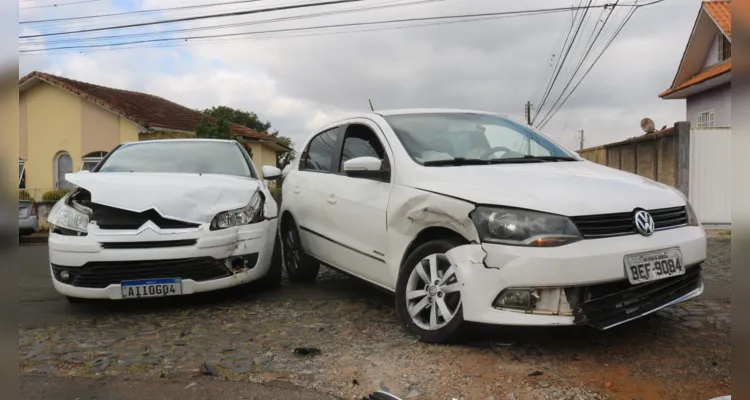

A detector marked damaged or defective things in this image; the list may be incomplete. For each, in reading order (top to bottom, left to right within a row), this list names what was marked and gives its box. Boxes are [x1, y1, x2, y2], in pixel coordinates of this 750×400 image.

broken headlight [47, 195, 90, 234]
crumpled hood [65, 170, 264, 223]
broken headlight [212, 189, 264, 230]
broken headlight [472, 206, 584, 247]
crumpled hood [412, 159, 688, 216]
detached bumper piece [52, 258, 232, 290]
damaged front bumper [49, 217, 280, 298]
damaged front bumper [444, 225, 708, 328]
detached bumper piece [576, 266, 704, 328]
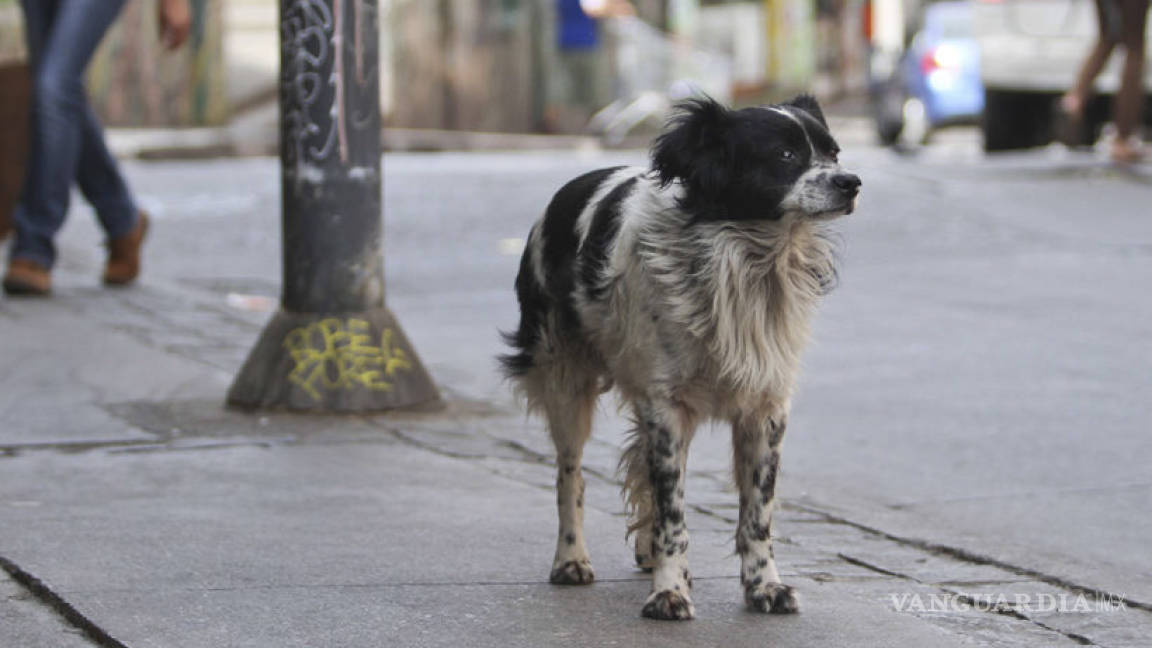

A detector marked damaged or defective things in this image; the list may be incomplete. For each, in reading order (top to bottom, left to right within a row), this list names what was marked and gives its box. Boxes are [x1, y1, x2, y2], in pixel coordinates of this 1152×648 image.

cracked pavement [2, 140, 1152, 641]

+++++

Without any of its pictures, the listing is to be repeated exactly as it stands.

**RESULT:**
A detector marked damaged or defective things in this image; the list may be incomplete. For each, in reading order (top to bottom, left to right within a row), this list names what was marked and gives its box. Boxes are [x1, y1, x2, y2], in pixel coordinates of this 750×400 image.

broken headlight [47, 195, 90, 234]
crumpled hood [65, 170, 264, 223]
broken headlight [212, 189, 264, 230]
broken headlight [472, 206, 584, 247]
crumpled hood [412, 159, 688, 216]
detached bumper piece [52, 258, 232, 290]
damaged front bumper [49, 217, 280, 298]
damaged front bumper [444, 225, 708, 328]
detached bumper piece [576, 266, 704, 328]

A detector marked damaged or defective things in this image; the list may be incomplete. For each, in reading order (top to bottom, left to right within a row), this list names what was marked and gives its box. Boxes are [x1, y1, x2, y2], in pixel coordinates of this 1152×648 image.

cracked pavement [2, 140, 1152, 641]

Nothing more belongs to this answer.